Ali Alkhamri and his adult sons Waleed and Badr, natives of Kuwait and
Saudi Arabia and citizens of Saudi Arabia, petition for review of an order from the
Board of Immigration Appeals (BIA) dismissing their appeal of an order denying
their untimely motion to reopen removal proceedings. We have jurisdiction under
*
This disposition is not appropriate for publication and is not precedent
except as provided by Ninth Circuit Rule 36-3.
**
The panel unanimously concludes this case is suitable for decision
without oral argument. See Fed. R. App. P. 34(a)(2).

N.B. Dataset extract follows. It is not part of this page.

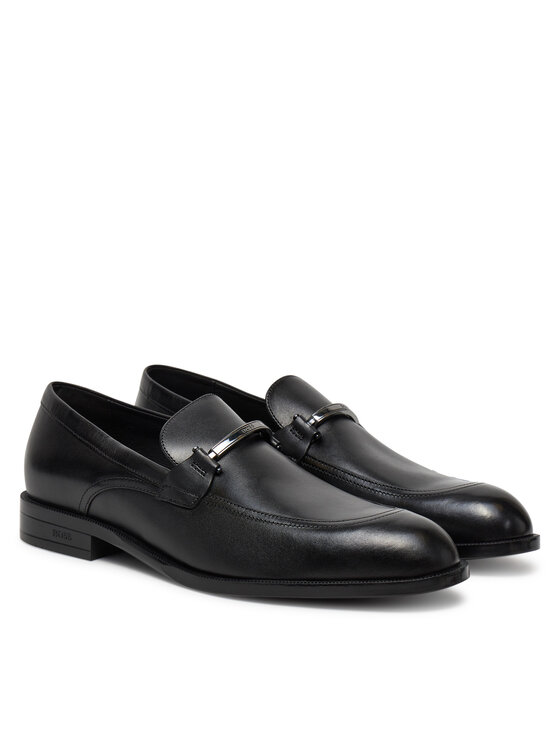 BOSS Loafersy BOSS Tayil 50548210 Černá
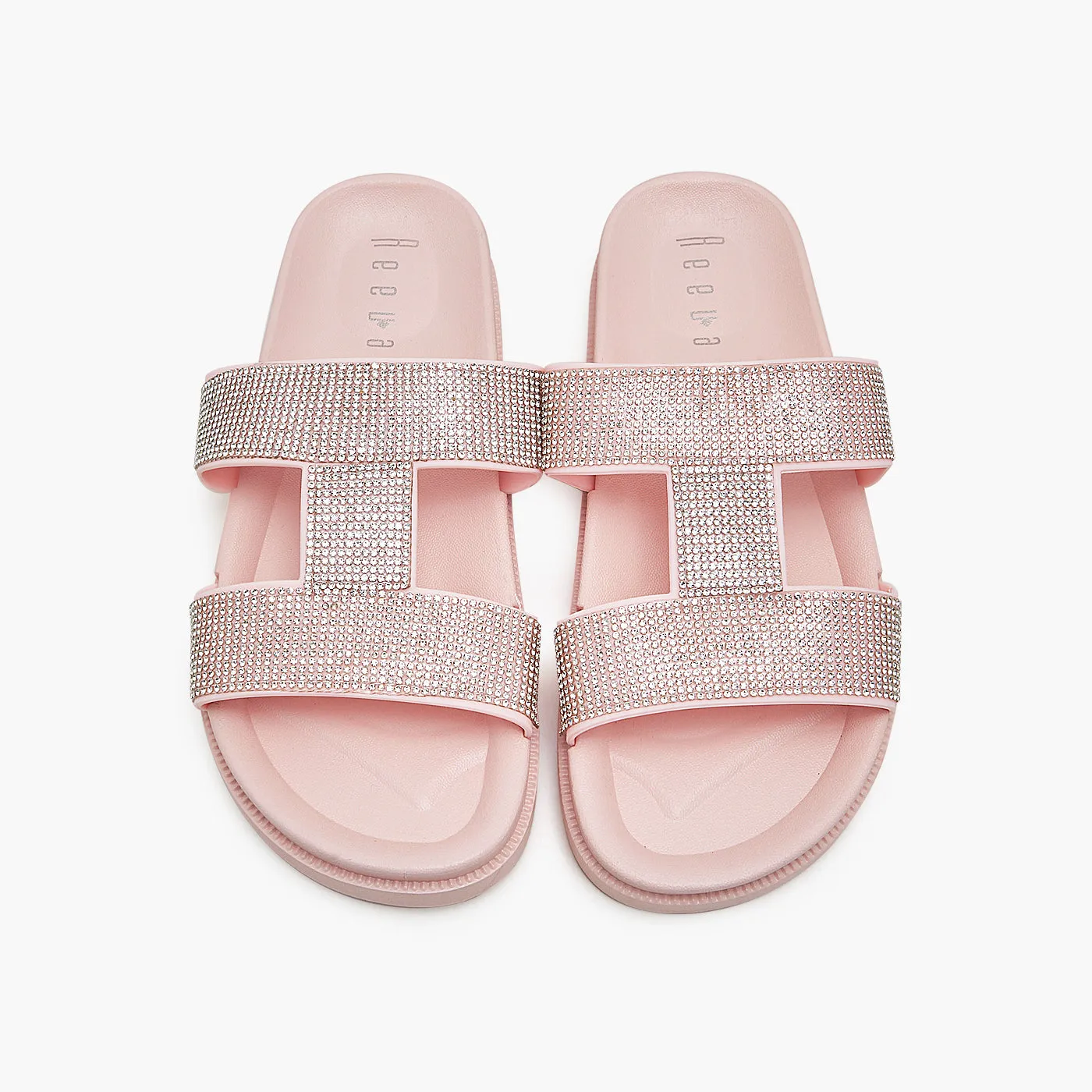 Embellished Slippers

8 U.S.C. § 1252. We review a denial of a motion to reopen for abuse of discretion.
See Meza-Vallejos v. Holder, 669 F.3d 920, 923 (9th Cir. 2012). “[W]e have
jurisdiction to review the Board’s denial of a motion to reopen sua sponte for the
limited purpose of determining whether the Board based its decision on legal or
constitutional error.” Bonilla v. Lynch, 840 F.3d 575, 581 (9th Cir. 2016). We
deny the petition for review.1
1. The BIA did not abuse its discretion by denying the Alkhamris’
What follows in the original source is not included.